Life together

Friday, January 22, 2022                     (today’s lectionary)

Day of Prayer for the Legal Protection of Unborn Children

Life together

Jesus went up the mountain and summoned those whom he wanted, and they came to him.

Father Brad Karelious traveled to Germany in 1980, planning to visit churches and campus ministries in both East and West. What he found surprised him. In the midst of oppressive East German anti-Christian policies, with little money dedicated to renovation or even keeping the doors open, the Church flourished. Many students waited outside church doors until they could get in. Their excitement to see an American from California knew no bounds, and questions were honest, skeptical and curious. The students wanted to know more about everything, especially about the Bible and about Jesus. But one student summed up their difficult situation, “When I graduate, I will have to make a decision. If I want to have a good position, I cannot be a visible active Christian.” Still, this student would not give up the joyful habit of meeting together to spur each other on to love and good deeds.

In West Germany, on the other hand, few people of any age attended church. Sermons were mostly philosophical lectures rather than exhortations. Pastors had well-stocked libraries and were paid handsomely out of the 9% give to the church from every tax bill paid by every West German. Since this took the place of personal giving, very few parishioners tithed. Personal sacrifice seemed minimal, and personal commitment seemed the same.

Kindness and truth shall meet, justice and peace shall kiss. Truth shall spring out of the earth and justice shall look down from heaven.

As you know, in our culture (not just American) we grow up and away from each other very quickly. From conception we crave touch and affection from others, and only in small ways must that craving be curbed. But we curb it instead in big ways and tall ways, and so in just a few years we have turned away from each other and toward ourselves.

Karelious wrote that “the church is most strongly felt in a situation that is a struggle for survival, where the cost of discipleship is experienced with intensity.” When there is persecution from the outside, those inside come together, hold hands, and curl up together to stay warm and perhaps even safe. Instead of turning away from each other, they pray and touch, touch and pray. Our need for touch never goes away.

This is the covenant I will establish, says the Lord. All shall know me from least to greatest. I will put my laws in your minds and I will write them upon your hearts. I will be your God, and you shall be my people. And I will forgive your wrongdoing and remember your sins no more.

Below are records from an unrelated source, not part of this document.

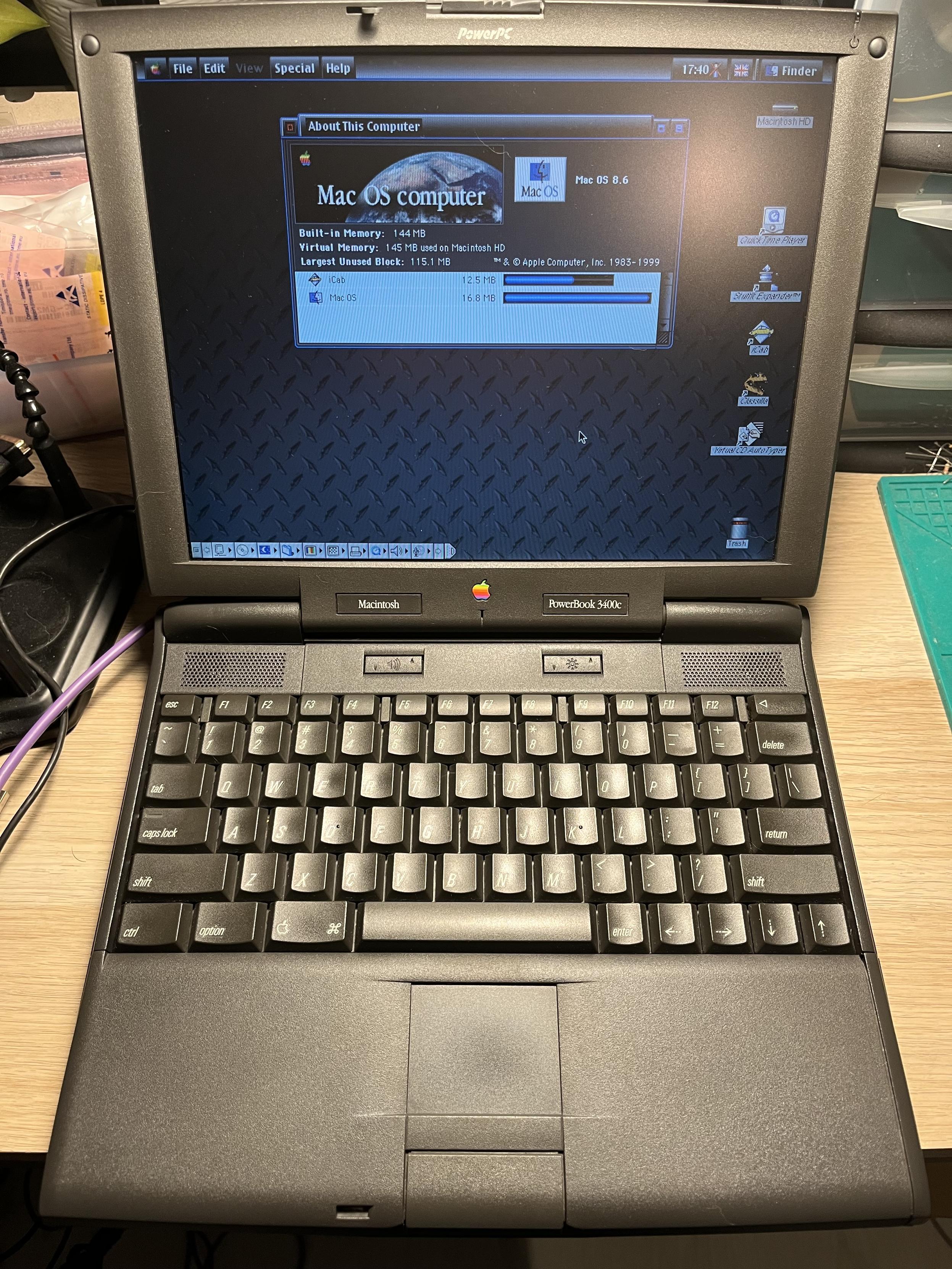 A slightly shiny PowerBook 3400c, running Mac OS 8.6. System theme changed to HiTech and oh, it's awful.
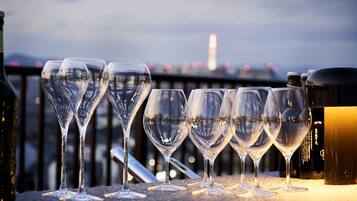 A row of empty wine glasses on a balcony with a cityscape and a tower in the background.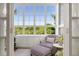 Cozy sunroom featuring large windows with natural light, comfortable seating, and built-in storage at 1325 Peachtree Ne St # 401, Atlanta, GA 30309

I accept your gift, Lord, but then it isn’t long until I take your gift for granted, and it isn’t long again before I simply stop listening to your law, whether in my mind or written on my heart. My evildoing increases, and soon the consequence of my sin wrecks my life.

Show us, O Lord, your mercy, and grant us your salvation.

Thank you, God, for remembering my sins no more. Hold me, soften my self-protective crust, renew my desire to touch and be touched, to love and be loved. Change my heart, O God.